» WORK ITEM:
Output the full listing below exactly as it reads, and skip anything that is a picture.

--- PROVIDED RECORDS ---

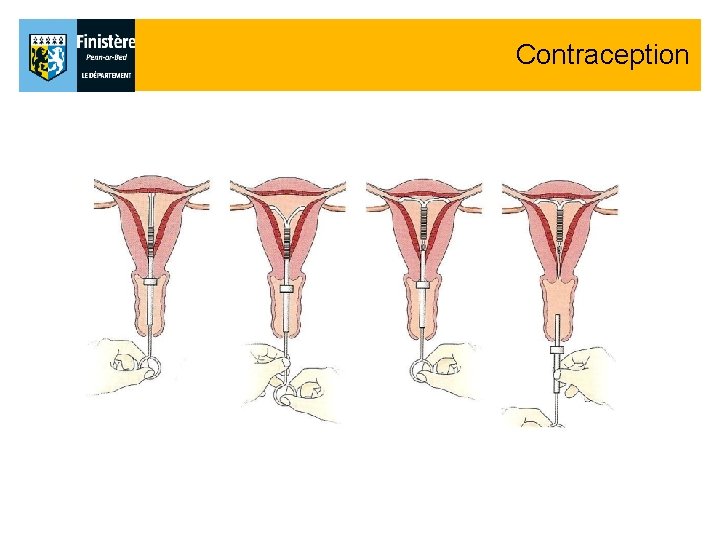 Contraception Contraception
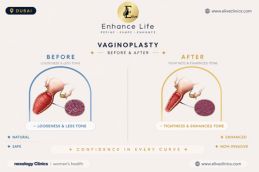 After vaginoplasty results in Dubai showing tightened vaginal canal at Elive Clinic Al Quoz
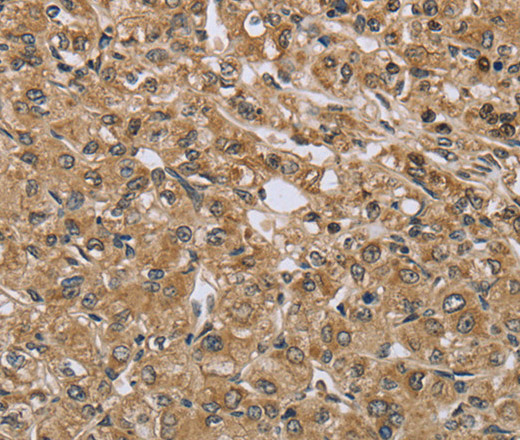 Immunohistochemistry of paraffin-embedded Human prostate cancer using TXLNA Polyclonal Antibody at dilution of 1:30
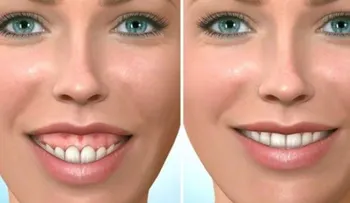 La cirugía ortognática, una intervención que devuelve sonrisas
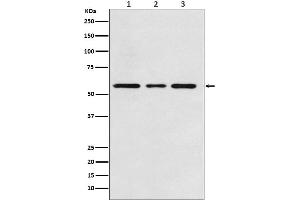 Western blot analysis of ACVRL1 expression in (1) Jurkat cell lysate, (2) Mouse kidney lysate, (3) Rat kidney lysate.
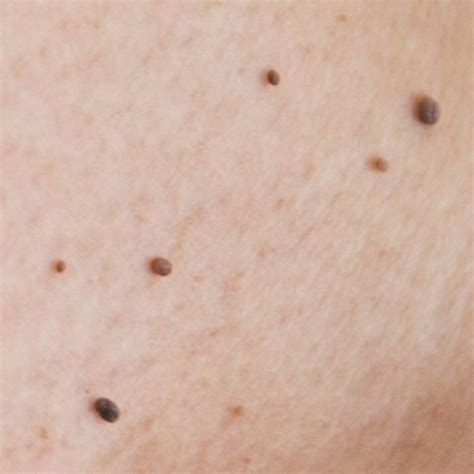 Why Am I Getting Skin Tags? Causes & Removal in London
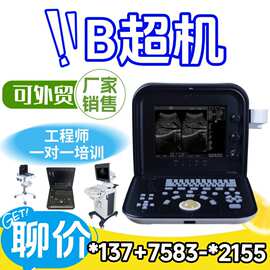 彩超机B超机在哪买 便携式彩超 彩色彩色检查仪生产厂家
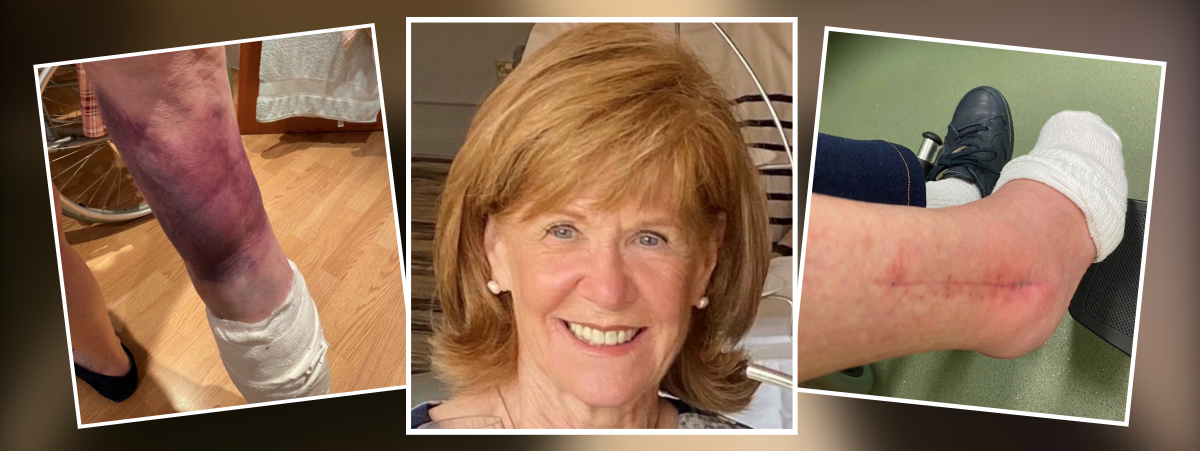 Liz Johnstone pictured in the centre smiling. On the left Liz' leg is shown heavily bruised. Her ankle is shown, swollen and with a long scar, in the image on the right.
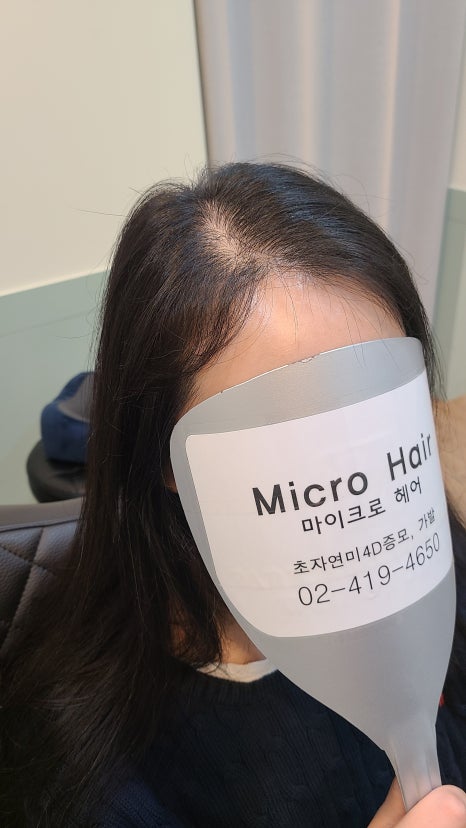 마이크로헤어증모 이미지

---

» SOLVED PROBLEM:
 Contraception Contraception
 After vaginoplasty results in Dubai showing tightened vaginal canal at Elive Clinic Al Quoz
 Immunohistochemistry of paraffin-embedded Human prostate cancer using TXLNA Polyclonal Antibody at dilution of 1:30
 La cirugía ortognática, una intervención que devuelve sonrisas
 Western blot analysis of ACVRL1 expression in (1) Jurkat cell lysate, (2) Mouse kidney lysate, (3) Rat kidney lysate.
 Why Am I Getting Skin Tags? Causes & Removal in London
 彩超机B超机在哪买 便携式彩超 彩色彩色检查仪生产厂家
 Liz Johnstone pictured in the centre smiling. On the left Liz' leg is shown heavily bruised. Her ankle is shown, swollen and with a long scar, in the image on the right.
 마이크로헤어증모 이미지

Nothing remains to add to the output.